In some other respects the foregoing theory is moderately conservative in its implications. For whilst it indicates the vital importance of establishing certain central controls in matters which are now left in the main to individual initiative, there are wide fields of activity which are unaffected. The State will have to exercise a guiding influence on the propensity to consume partly through its scheme of taxation, partly by fixing the rate of interest, and partly, perhaps, in other ways. Furthermore, it seems unlikely that the influence of banking policy on the rate of interest will be sufficient by itself to determine an optimum rate of investment. I conceive, therefore, that a somewhat comprehensive socialisation of investment will prove the only means of securing an approximation to full employment; though this need not exclude all manner of compromises and of devices by which public authority will co-operate with private initiative. But beyond this no obvious case is made out for a system of State Socialism which would embrace most of the economic life of the community. It is not the ownership of the instruments of production which it is important for the State to assume. If the State is able to determine the aggregate amount of resources devoted to augmenting the instruments and the basic rate of reward to those who own them, it will have accomplished all that is necessary. Moreover, the necessary measures of socialisation can be introduced gradually and without a break in the general traditions of society.

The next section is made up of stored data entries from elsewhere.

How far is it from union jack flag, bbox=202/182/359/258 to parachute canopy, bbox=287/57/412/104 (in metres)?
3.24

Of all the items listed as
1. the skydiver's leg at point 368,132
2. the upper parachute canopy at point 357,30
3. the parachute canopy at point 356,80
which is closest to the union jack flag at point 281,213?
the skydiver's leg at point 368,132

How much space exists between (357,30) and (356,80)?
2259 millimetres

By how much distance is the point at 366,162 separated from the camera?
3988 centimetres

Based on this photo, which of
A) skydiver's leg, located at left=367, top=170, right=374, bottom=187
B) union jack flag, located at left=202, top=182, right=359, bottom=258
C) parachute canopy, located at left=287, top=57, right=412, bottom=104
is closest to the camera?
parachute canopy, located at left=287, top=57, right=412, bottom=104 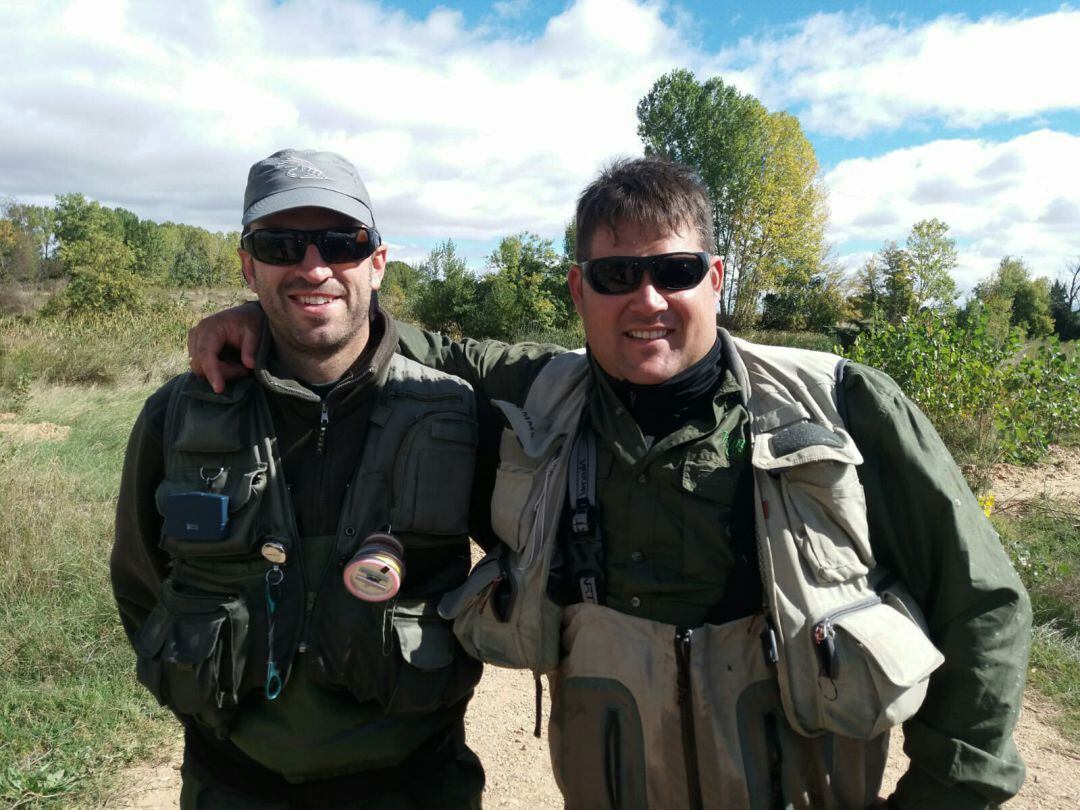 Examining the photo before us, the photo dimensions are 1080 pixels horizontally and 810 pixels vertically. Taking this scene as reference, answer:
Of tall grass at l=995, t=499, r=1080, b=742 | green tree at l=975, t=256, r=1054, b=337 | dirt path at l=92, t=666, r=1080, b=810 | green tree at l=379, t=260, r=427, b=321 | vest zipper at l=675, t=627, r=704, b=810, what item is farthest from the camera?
green tree at l=975, t=256, r=1054, b=337

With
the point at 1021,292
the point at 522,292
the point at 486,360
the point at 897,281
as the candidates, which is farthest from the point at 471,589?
the point at 1021,292

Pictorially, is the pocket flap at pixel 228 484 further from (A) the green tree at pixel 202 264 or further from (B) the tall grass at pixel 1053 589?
Answer: (A) the green tree at pixel 202 264

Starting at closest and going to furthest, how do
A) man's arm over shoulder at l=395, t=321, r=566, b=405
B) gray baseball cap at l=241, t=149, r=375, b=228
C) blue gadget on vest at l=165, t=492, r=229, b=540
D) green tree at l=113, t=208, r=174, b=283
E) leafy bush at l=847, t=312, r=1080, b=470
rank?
blue gadget on vest at l=165, t=492, r=229, b=540, gray baseball cap at l=241, t=149, r=375, b=228, man's arm over shoulder at l=395, t=321, r=566, b=405, leafy bush at l=847, t=312, r=1080, b=470, green tree at l=113, t=208, r=174, b=283

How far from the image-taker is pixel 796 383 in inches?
80.0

Our criticism of the accepted classical theory of economics has consisted not so much in finding logical flaws in its analysis as in pointing out that its tacit assumptions are seldom or never satisfied, with the result that it cannot solve the economic problems of the actual world. But if our central controls succeed in establishing an aggregate volume of output corresponding to full employment as nearly as is practicable, the classical theory comes into its own again from this point onwards. If we suppose the volume of output to be given, i.e. to be determined by forces outside the classical scheme of thought, then there is no objection to be raised against the classical analysis of the manner in which private self-interest will determine what in particular is produced, in what proportions the factors of production will be combined to produce it, and how the value of the final product will be distributed between them. Again, if we have dealt otherwise with the problem of thrift, there is no objection to be raised against the modern classical theory as to the degree of consilience between private and public advantage in conditions of perfect and imperfect competition respectively. Thus, apart from the necessity of central controls to bring about an adjustment between the propensity to consume and the inducement to invest, there is no more reason to socialise economic life than there was before.
To put the point concretely, I see no reason to suppose that the existing system seriously misemploys the factors of production which are in use. There are, of course, errors of foresight; but these would not be avoided by centralising decisions. When 9,000,000 men are employed out of 10,000,000 willing and able to work, there is no evidence that the labour of these 9,000,000 men is misdirected. The complaint against the present system is not that these 9,000,000 men ought to be employed on different tasks, but that tasks should be available for the remaining 1,000,000 men. It is in determining the volume, not the direction, of actual employment that the existing system has broken down.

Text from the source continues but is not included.